*** Given records ***

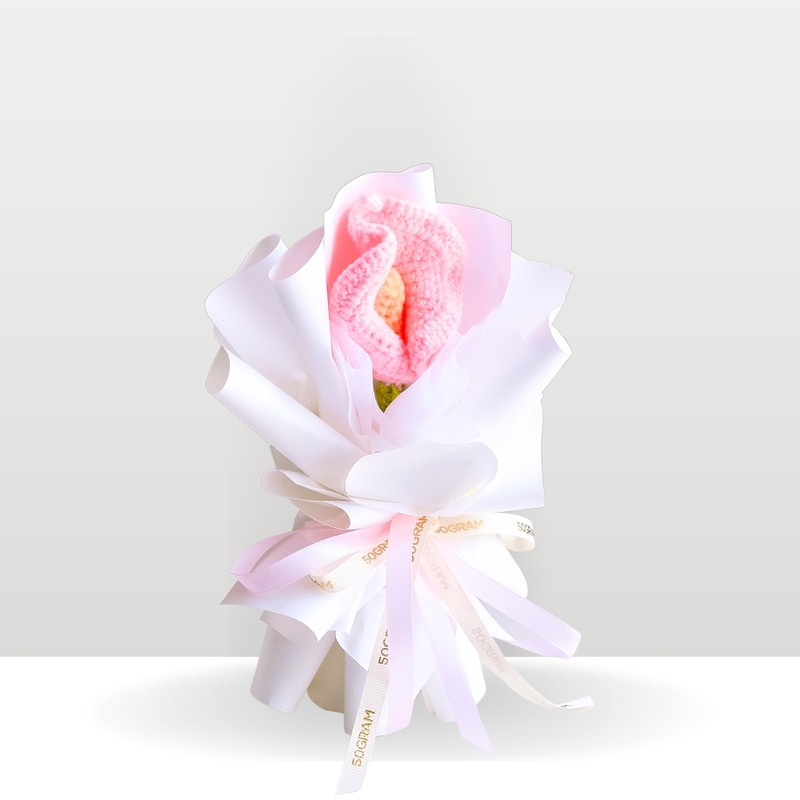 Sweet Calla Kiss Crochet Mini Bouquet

*** End of Given records ***
*** Given records ***

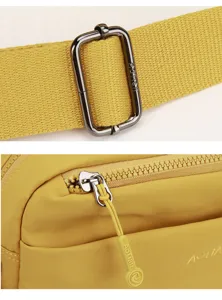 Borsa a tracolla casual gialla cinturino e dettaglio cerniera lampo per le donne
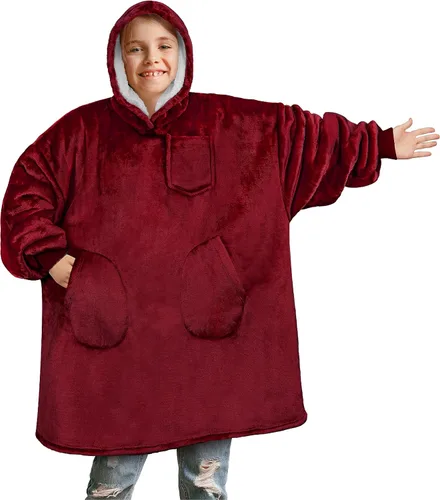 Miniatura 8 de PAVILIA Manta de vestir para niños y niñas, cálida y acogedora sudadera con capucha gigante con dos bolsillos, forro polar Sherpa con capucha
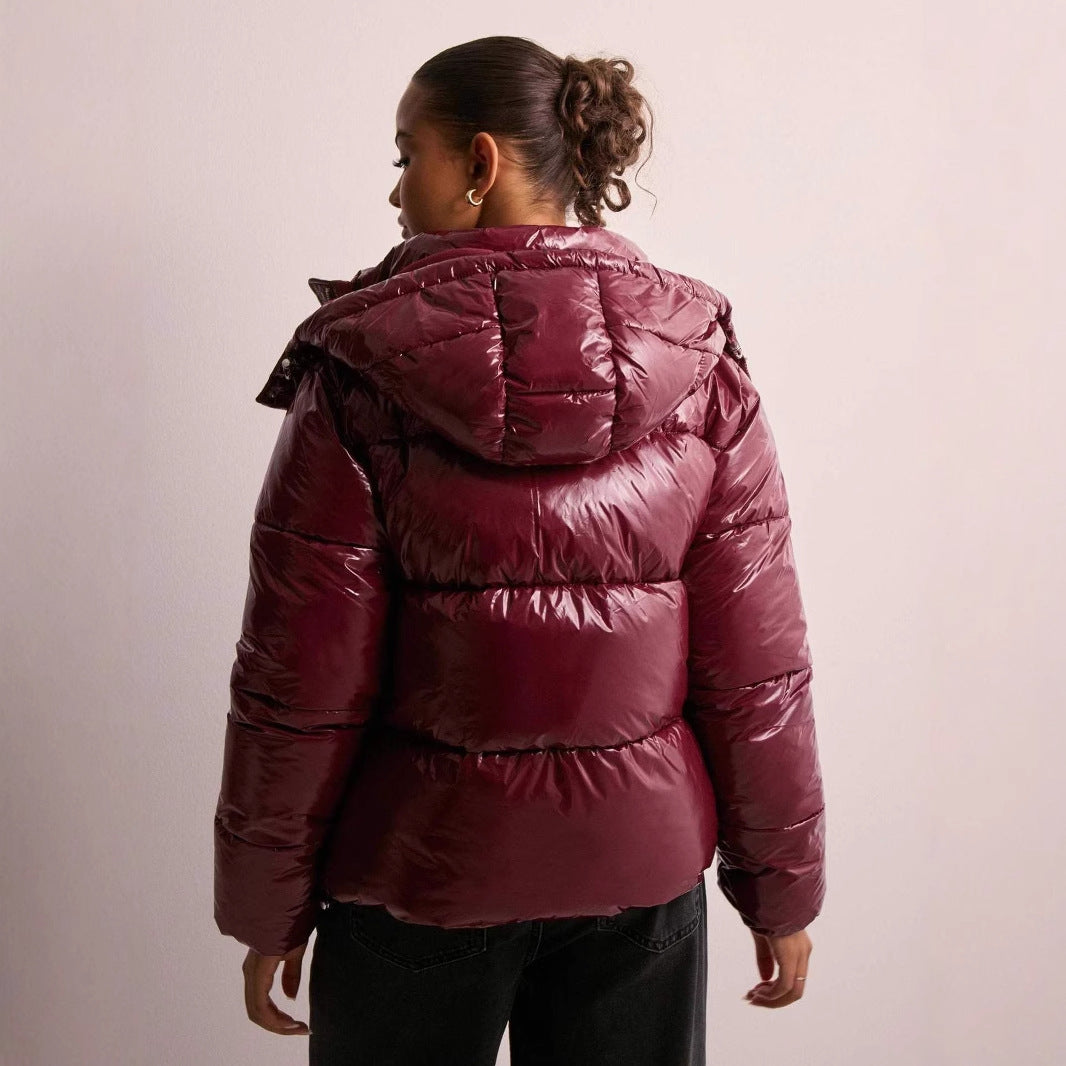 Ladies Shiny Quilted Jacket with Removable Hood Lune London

*** End of Given records ***
*** Given records ***

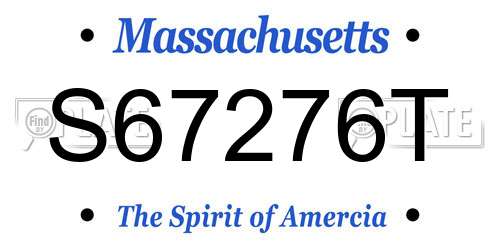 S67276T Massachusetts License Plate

*** End of Given records ***

**Task objective**
What to print is the stretch of entries from the line with "Borsa a tracolla" up to and including the line with "Ladies Shiny Quilted". Please print it exactly and leave out the pictures.

**Response**
 Borsa a tracolla casual gialla cinturino e dettaglio cerniera lampo per le donne
 Miniatura 8 de PAVILIA Manta de vestir para niños y niñas, cálida y acogedora sudadera con capucha gigante con dos bolsillos, forro polar Sherpa con capucha
 Ladies Shiny Quilted Jacket with Removable Hood Lune London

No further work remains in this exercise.